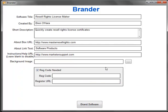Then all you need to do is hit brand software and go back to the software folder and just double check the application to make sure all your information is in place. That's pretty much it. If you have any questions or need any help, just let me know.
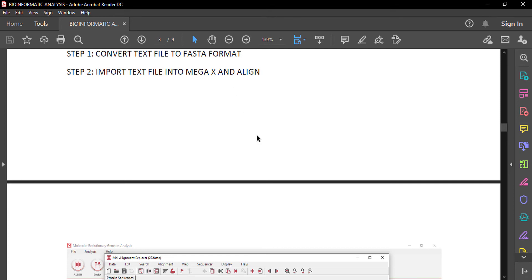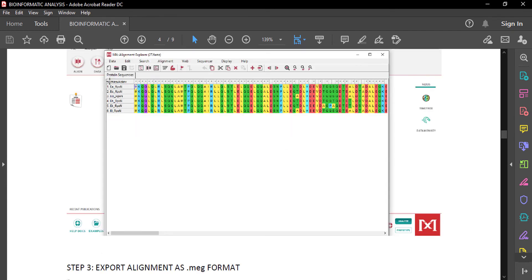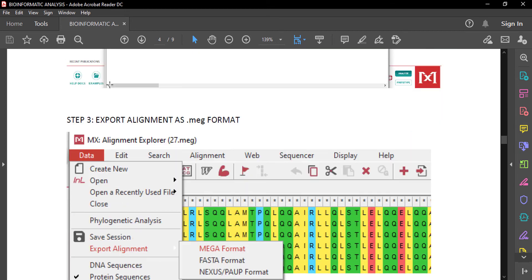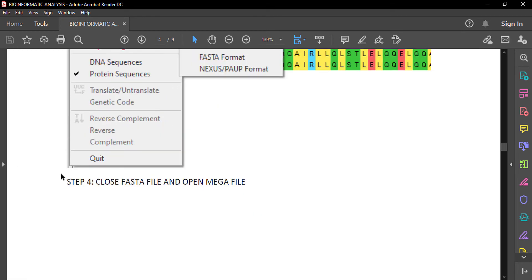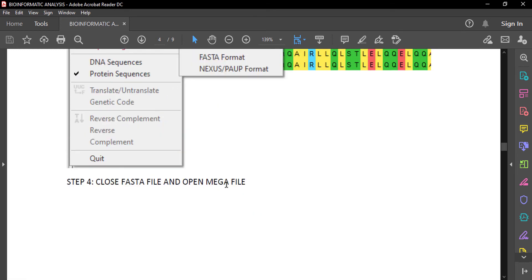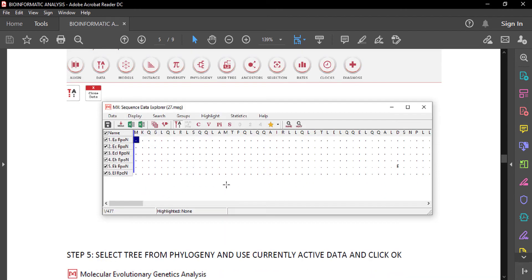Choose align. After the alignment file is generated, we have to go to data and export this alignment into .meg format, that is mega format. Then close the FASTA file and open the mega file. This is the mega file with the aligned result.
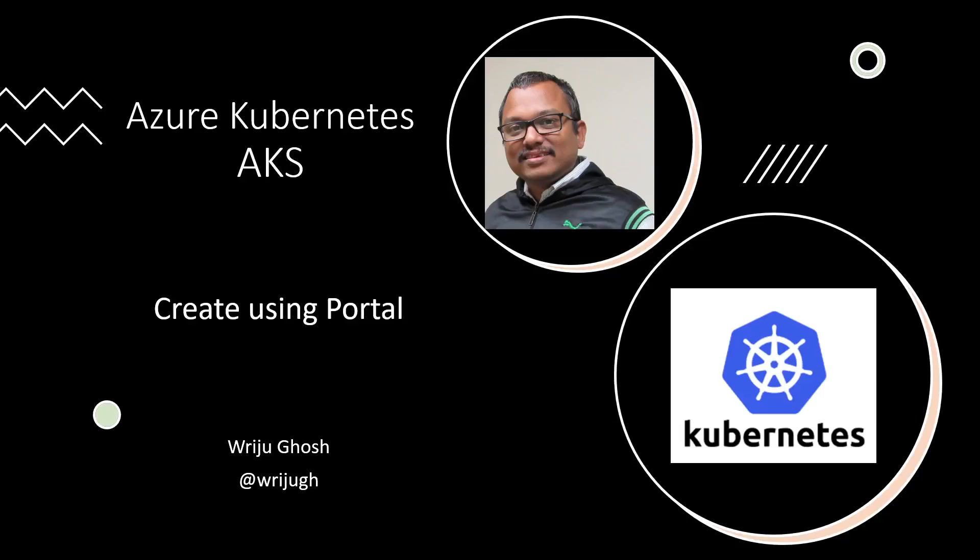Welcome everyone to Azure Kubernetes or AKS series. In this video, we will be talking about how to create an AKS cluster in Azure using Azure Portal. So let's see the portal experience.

####

> What needs to be done
In the copy, keep every line of the data above exactly and drop each picture.

> Reply
Then all you need to do is hit brand software and go back to the software folder and just double check the application to make sure all your information is in place. That's pretty much it. If you have any questions or need any help, just let me know.
Choose align. After the alignment file is generated, we have to go to data and export this alignment into .meg format, that is mega format. Then close the FASTA file and open the mega file. This is the mega file with the aligned result.
Welcome everyone to Azure Kubernetes or AKS series. In this video, we will be talking about how to create an AKS cluster in Azure using Azure Portal. So let's see the portal experience.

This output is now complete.